I’d known about the existence of the cable since the preceding November with the release of the SkyWire telescope control kit. I’d begged Redpark for developer access to their cable, and after signing a thick stack of NDAs, I got my hands on one around mid-December. At the time there seemed little chance of Apple ever approving the cable except for specific use cases where the cable and an accompanying iOS application were approved together as part of the MFi program — exactly as Apple had for Skywire for telescopes and Cisco had for networking gear.

The news that the cable might soon be generally available to hobbyists was surprising. Despite Apple’s beginnings — and the large community of indie developers surrounding its products — the hobbyist market isn’t something Apple is known for caring about these days. Quite the opposite: Apple is notorious for keeping its products as closed as possible.

Controlling an Arduino with an iPhone.

Close on the heels of Google’s ADK announcement, Apple’s sudden enthusiasm was suspiciously timed.
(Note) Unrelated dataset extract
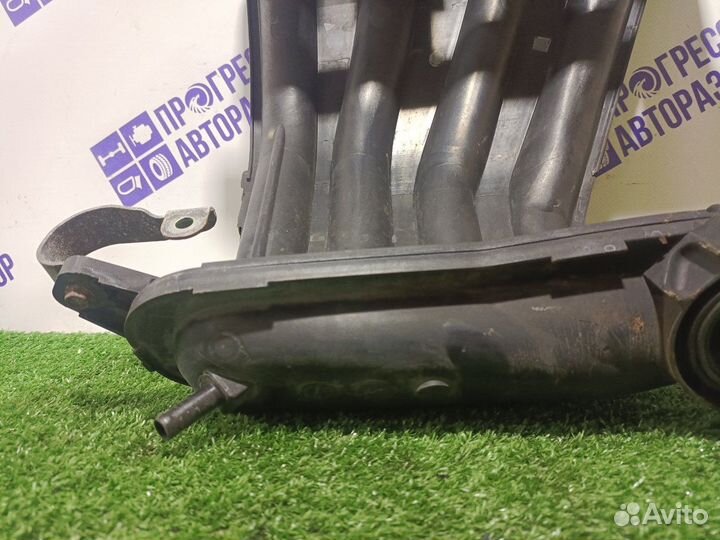 Впускной коллектор Nissan Tiida хэтчбек HR15DE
Someone high up at Apple had obviously realized the disruptive nature of the ADK and this was their response, their counter-attack. Despite the Android ADK actually being an Arduino, it was now easier to talk to an Arduino from iOS using Redpark’s cable than it was to talk to an Arduino from Android.

The long war

The Android ADK board is only now appearing in large numbers as the open hardware community gears up to produce compatible boards cheaper than Google’s ruinously expensive initial batch of “official” developer boards. The Redpark cable also faced supply issues, with the initial production run selling out on the Maker Shed within a few days. We’re only now seeing it in larger volumes. So, despite appearances, it’s still the early days.

Discussing the Redpark cable at OSCON 2011.

I think the availability of both these products is going to prove to be amazingly disruptive in the longer term. After spending two days at the recent World Maker Faire in New York, I know there’s a lot of enthusiasm inside the Maker community for that disruption — and Apple may have the edge.

Because of Apple’s policy restrictions, you can only develop applications that work with Redpark’s cable for your own personal use or for distribution inside an enterprise environment without going through the MFi program. The ease of use and popularity of the iOS platform with developers means there will still be a big uptake, and after a few people struggle through the process, I think that, with time, the cable will spell the end of the MFi program.

Over the next couple of years, we’ll be seeing some real innovation in the external accessory product space. Rapid prototyping combined with ease of access to increasingly powerful mobile platforms means that the next mobile war, and the next big thing of a real ubiquitous computing environment, is just around the corner.